### Information
=== Section Start ===

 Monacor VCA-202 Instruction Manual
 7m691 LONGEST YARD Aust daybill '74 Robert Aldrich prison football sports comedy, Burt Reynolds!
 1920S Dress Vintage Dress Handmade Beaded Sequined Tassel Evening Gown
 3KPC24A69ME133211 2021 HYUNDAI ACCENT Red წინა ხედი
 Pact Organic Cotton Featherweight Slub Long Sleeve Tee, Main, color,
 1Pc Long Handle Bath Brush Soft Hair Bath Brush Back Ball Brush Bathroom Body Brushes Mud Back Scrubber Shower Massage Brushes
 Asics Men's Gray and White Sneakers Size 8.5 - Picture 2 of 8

=== Section End ===
=== Section Start ===

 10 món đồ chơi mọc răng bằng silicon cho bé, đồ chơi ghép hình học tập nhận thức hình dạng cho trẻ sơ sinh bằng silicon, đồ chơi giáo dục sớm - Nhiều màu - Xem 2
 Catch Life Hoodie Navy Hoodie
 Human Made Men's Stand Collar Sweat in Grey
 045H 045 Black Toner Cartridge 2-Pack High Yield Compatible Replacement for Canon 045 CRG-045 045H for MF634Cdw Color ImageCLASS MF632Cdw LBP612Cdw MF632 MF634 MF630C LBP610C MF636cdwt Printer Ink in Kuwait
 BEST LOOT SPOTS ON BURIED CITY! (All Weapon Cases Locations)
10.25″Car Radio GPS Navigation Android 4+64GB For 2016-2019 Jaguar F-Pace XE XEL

=== Section End ===
=== Section Start ===

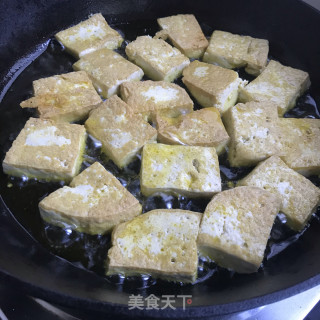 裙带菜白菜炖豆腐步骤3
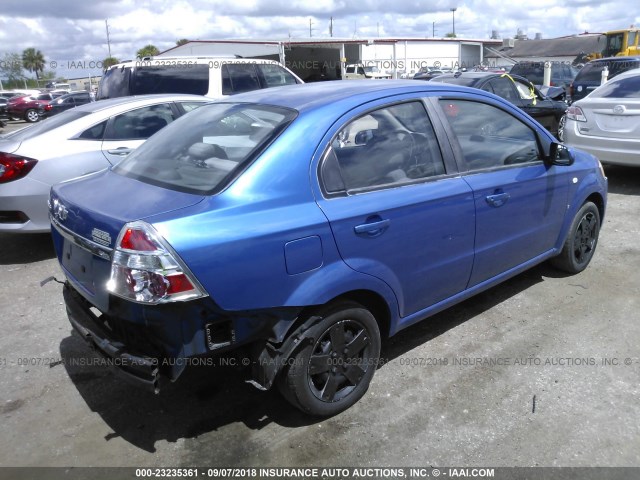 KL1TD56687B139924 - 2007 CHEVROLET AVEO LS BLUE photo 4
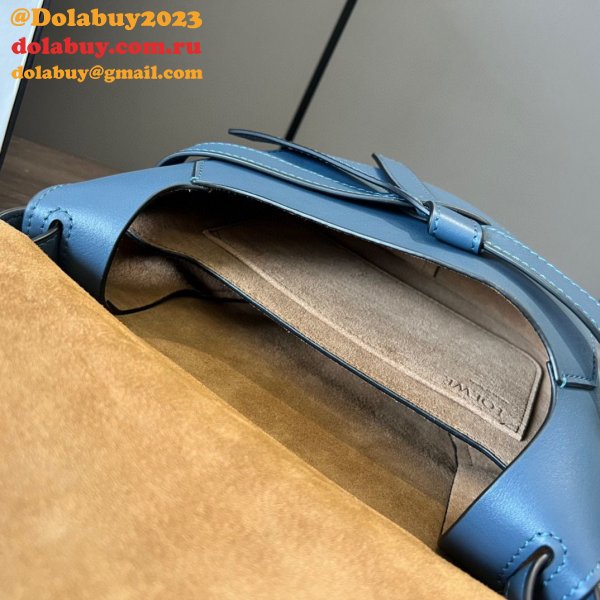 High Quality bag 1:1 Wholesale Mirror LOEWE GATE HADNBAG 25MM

=== Section End ===

### What to work on
The lines to copy exactly start with the line above that has "裙带菜白菜炖豆腐步骤3" and go on through the line that has "High Quality bag"; please include both, add nothing else, and omit the pictures.

### Exercise response
 裙带菜白菜炖豆腐步骤3
 KL1TD56687B139924 - 2007 CHEVROLET AVEO LS BLUE photo 4
 High Quality bag 1:1 Wholesale Mirror LOEWE GATE HADNBAG 25MM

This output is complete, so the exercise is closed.